This paper investigates second-order achievable rate bounds for source and channel coding problems with side information—namely, the Wyner–Ziv, Heegard–Berger, and cost-constrained Gelfand–Pinsker problems—in network information theory. To overcome limitations of existing second-order analysis frameworks, we introduce a novel analytical paradigm termed “type deviation convergence,” which uniformly characterizes the statistical dependence induced by side information in both source and channel coding settings. By integrating type theory, deviation analysis, random coding, and joint typicality decoding, we rigorously derive tight second-order rate bounds for multiple problem classes. Our bounds strictly improve upon prior results by Watanabe–Kuzuoka–Tan, Yassaee–Aref–Gohari, and Li–Anantharam. The framework provides a more general and precise theoretical tool for finite-blocklength performance analysis of side-information–assisted coding.

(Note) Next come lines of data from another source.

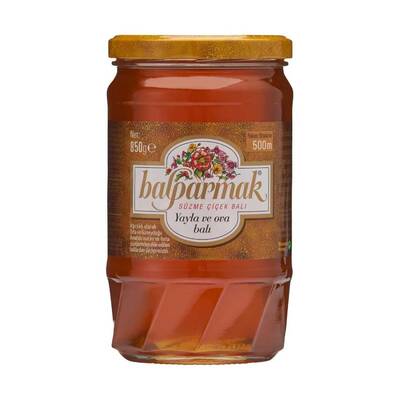 Balparmak yayla ova cıcek balı 850 gr - 1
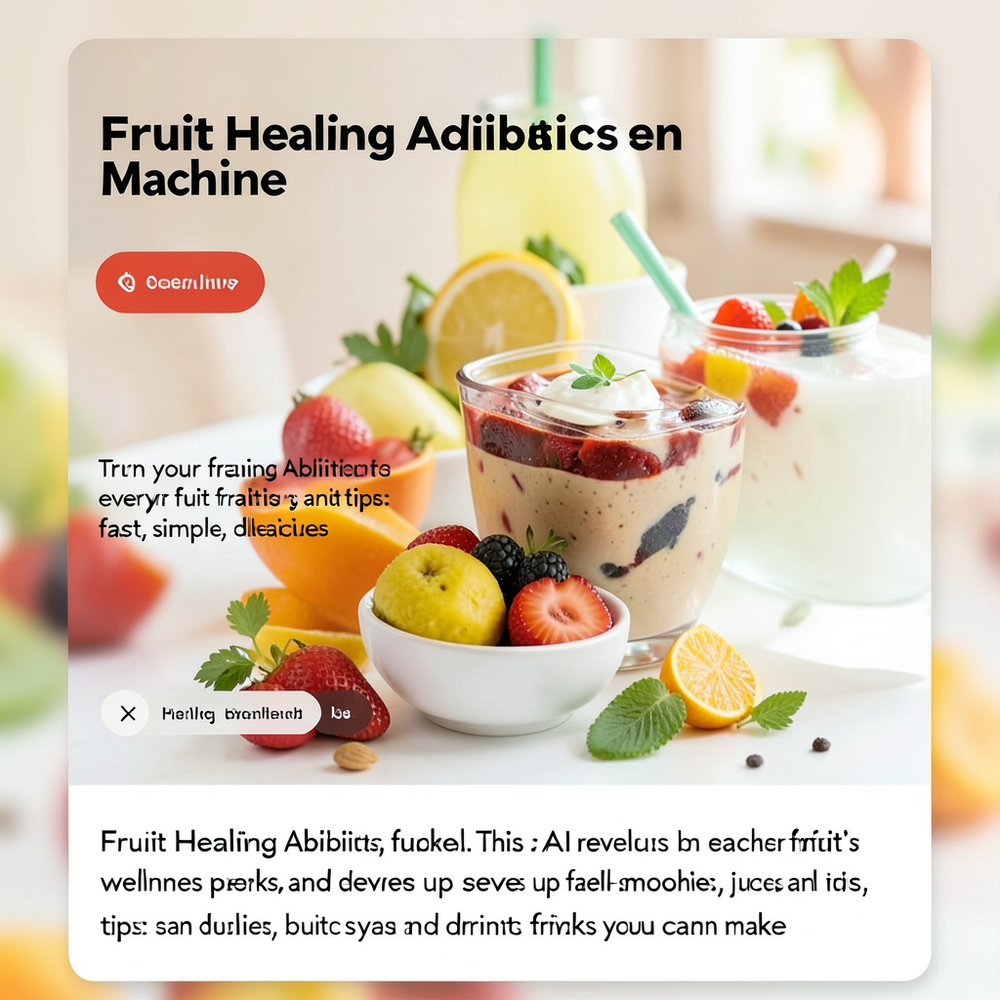 Fruit Healing Abilities Machine website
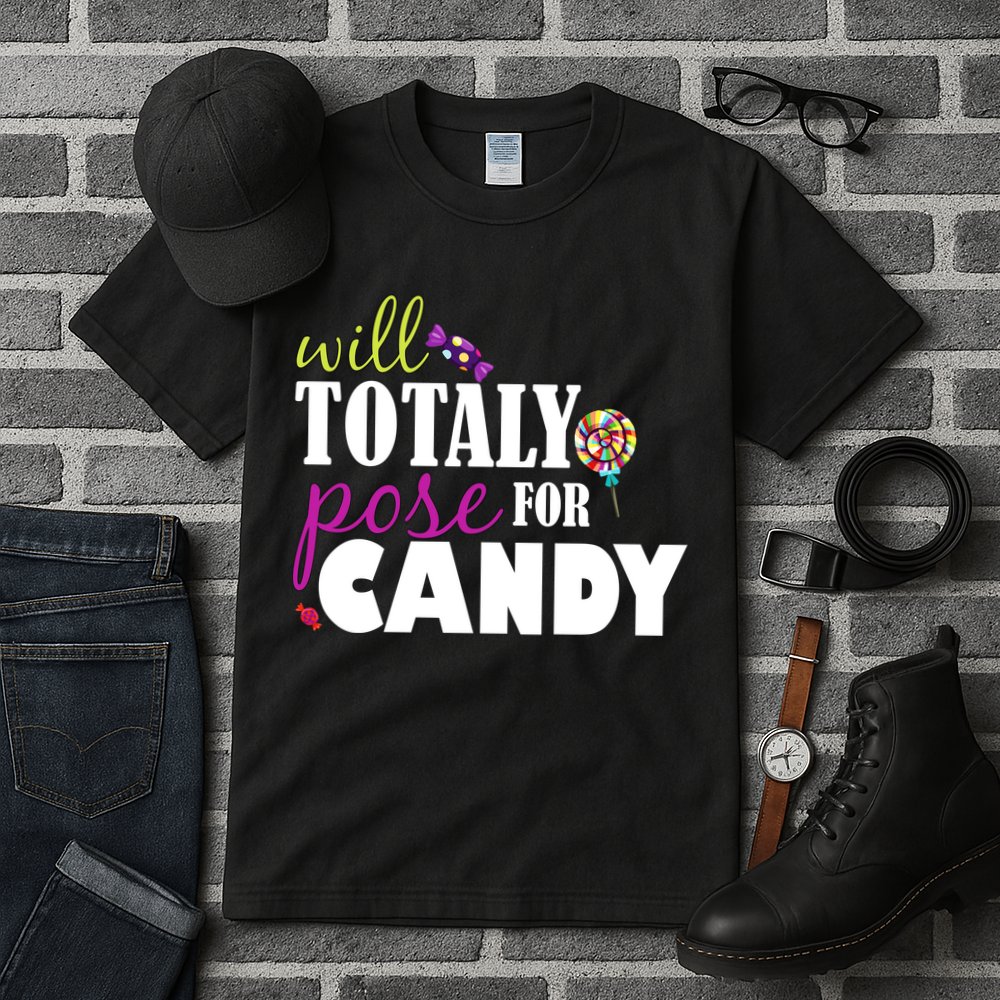 Will Totally Pose For Candy Tall T-Shirt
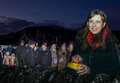 PICTURES: Elizabeth Costin, daughter of the Earl of Sutherland, switches on Golspie festive lights and opens newly refurbished play park in busy day for community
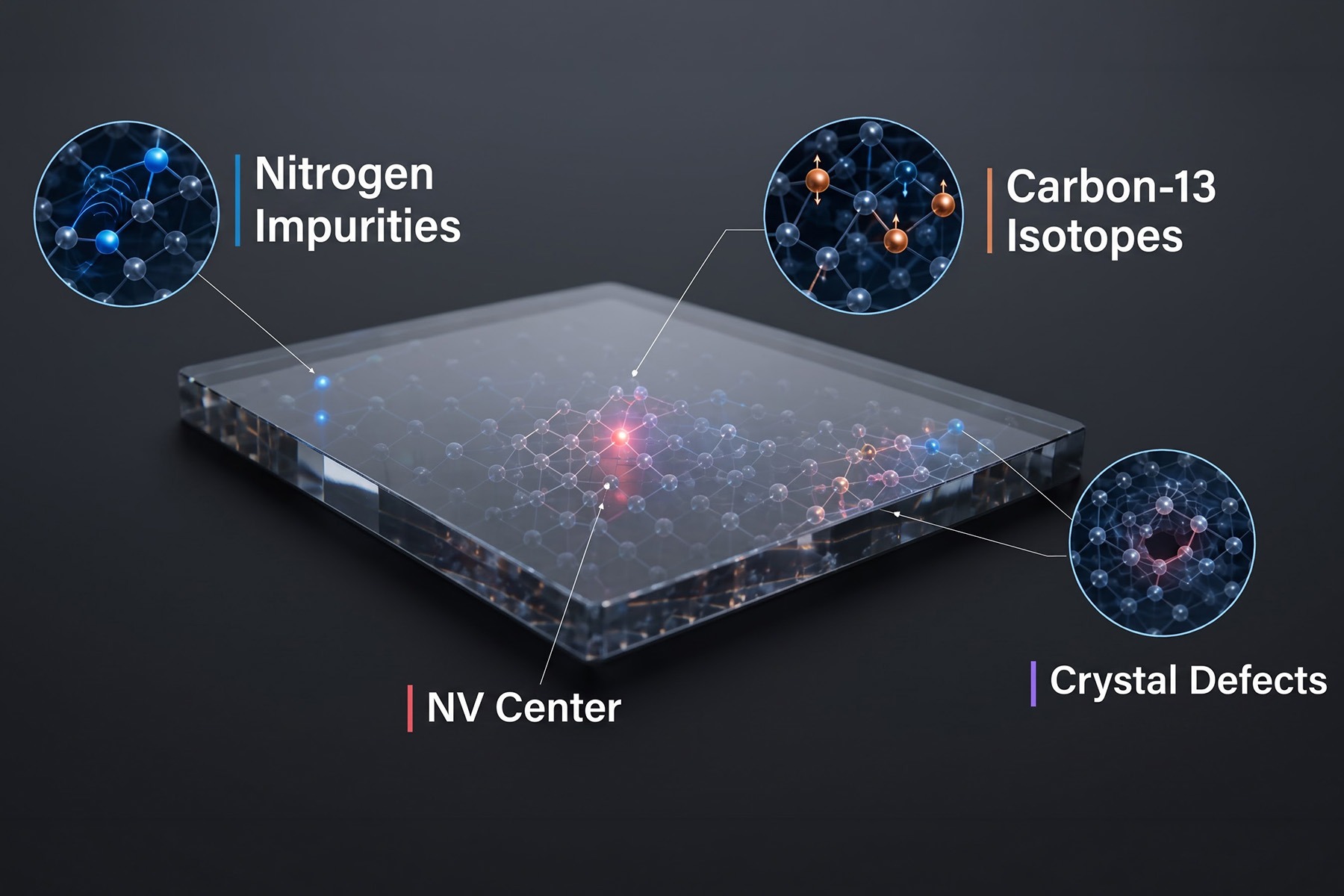 factors affecting diamond qubit coherence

We propose a framework for second-order achievability, called type deviation convergence, that is generally applicable to settings in network information theory, and is especially suitable for lossy source coding and channel coding with cost. We give a second-order achievability bound for lossy source coding with side information at the decoder (Wyner-Ziv problem) that improves upon all known bounds (e.g., Watanabe-Kuzuoka-Tan, Yassaee-Aref-Gohari and Li-Anantharam). We also give second-order achievability bounds for lossy compression where side information may be absent (Heegard-Berger problem) and channels with noncausal state information at the encoder and cost constraint (Gelfand-Pinsker problem with cost) that improve upon previous bounds.